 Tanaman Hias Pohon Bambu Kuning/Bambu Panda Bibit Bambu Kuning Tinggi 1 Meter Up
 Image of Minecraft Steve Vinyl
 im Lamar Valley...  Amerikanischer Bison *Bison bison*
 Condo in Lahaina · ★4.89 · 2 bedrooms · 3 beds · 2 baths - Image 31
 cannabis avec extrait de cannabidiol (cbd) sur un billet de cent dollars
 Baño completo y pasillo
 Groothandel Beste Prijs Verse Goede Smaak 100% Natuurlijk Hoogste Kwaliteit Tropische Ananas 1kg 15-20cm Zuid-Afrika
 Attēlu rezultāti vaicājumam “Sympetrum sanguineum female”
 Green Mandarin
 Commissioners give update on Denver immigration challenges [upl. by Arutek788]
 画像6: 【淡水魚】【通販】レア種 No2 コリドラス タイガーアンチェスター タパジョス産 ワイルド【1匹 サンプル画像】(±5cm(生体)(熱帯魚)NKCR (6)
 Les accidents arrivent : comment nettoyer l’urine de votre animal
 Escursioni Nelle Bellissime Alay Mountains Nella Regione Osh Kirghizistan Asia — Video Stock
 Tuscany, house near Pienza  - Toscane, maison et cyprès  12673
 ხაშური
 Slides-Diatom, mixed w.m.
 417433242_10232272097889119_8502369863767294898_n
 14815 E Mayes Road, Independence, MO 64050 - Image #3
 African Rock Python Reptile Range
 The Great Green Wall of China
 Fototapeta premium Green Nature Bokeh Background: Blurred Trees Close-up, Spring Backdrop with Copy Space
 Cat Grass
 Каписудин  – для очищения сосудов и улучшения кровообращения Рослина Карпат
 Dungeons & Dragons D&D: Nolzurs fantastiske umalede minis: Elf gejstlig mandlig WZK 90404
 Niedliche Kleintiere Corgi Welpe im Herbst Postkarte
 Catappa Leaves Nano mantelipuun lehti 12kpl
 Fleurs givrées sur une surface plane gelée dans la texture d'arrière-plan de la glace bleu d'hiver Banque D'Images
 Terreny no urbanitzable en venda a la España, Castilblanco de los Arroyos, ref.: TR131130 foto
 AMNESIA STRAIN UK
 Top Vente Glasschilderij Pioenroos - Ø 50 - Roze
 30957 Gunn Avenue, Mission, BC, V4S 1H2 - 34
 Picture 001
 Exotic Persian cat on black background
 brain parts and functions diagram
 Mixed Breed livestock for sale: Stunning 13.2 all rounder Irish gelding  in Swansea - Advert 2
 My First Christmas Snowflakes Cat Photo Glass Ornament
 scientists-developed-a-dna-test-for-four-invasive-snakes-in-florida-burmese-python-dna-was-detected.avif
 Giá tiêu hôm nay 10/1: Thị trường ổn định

--- --- ---

- Task instructions -
A bare number is expected: how many lines above contain the word "Green"?

- Answer -
3